@abraham7777 Oh no, my main method is good old-fashioned prospecting. I spent 5 years in retail sales selling one of the most difficult products to sell. In retail sales, you are waiting for your turn in line to help a potential buyer.
I got sick of waiting. Needed to learn to how fish for myself. Prospecting was a scary idea and enemy #1. So I set off to learn all about it. Then, I went out and found a D2D job that would allow me to put my studies to the test.
In my first 3 months, I set up 60 inspections that turned into signed contracts. I knocked as a marketing rep for 9 months. Then, I moved into project management.
I'm thinking about reactivating my RE license because I just wanna work and be independent with my time and process. I'm starting to feel like a cog in a sales machine and I absolutely hate that.
I HATE social media and any app that wastes my time. I prefer to learn a skill than watch pointlessly addicting videos. But I'm focusing on building my marketing page on FB. Learning how to build my own website so I can manage it myself. I have time to learn this stuff, and it's good to know when I eventually sub that work out.
Regarding the sales letter: persuading in writing is the same as persuading in person.
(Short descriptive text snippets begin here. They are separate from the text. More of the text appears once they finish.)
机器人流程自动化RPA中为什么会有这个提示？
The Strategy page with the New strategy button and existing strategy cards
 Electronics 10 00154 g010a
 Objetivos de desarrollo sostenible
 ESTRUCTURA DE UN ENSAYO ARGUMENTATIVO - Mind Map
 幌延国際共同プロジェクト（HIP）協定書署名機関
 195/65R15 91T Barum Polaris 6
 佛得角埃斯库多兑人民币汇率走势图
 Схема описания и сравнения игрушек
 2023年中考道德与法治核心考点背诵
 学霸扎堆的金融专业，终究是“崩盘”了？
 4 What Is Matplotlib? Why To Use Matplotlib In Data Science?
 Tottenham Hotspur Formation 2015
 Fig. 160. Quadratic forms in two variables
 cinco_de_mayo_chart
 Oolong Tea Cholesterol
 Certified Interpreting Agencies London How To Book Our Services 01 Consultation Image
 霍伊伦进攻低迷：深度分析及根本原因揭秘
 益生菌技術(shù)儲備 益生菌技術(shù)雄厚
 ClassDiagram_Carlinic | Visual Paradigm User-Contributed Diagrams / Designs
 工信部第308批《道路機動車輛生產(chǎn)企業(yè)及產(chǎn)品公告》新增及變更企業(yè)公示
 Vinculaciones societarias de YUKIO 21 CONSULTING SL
Both rely on the same psychology and fundamentals of sales. It's literally "salesmanship in print" as all the God fathers of sales copywriting would call it.
90% of writing copy is actually researching your target audience so well you know them better than themselves. They think you've somehow been inside their heads reading their thoughts.
Once you've done enough research letters will write themselves. The big difference between in person and letter is your sales letter must present the entirety of your arguments A to Z. Unless your building out a funnel with stages.
There's much more to it -- but all ads or paid persuasive messages can be broken down into these 3 needed elements:
1) an attention grabbing headline
2) an offer so good they'd be stupid saying no
3) body copy. Your body copy is 1/10 as important as your offer.
When you start a letter, always work on the offer first. It's very important. It's what makes people order from you. But 80% of the success of your offer relies on your headline.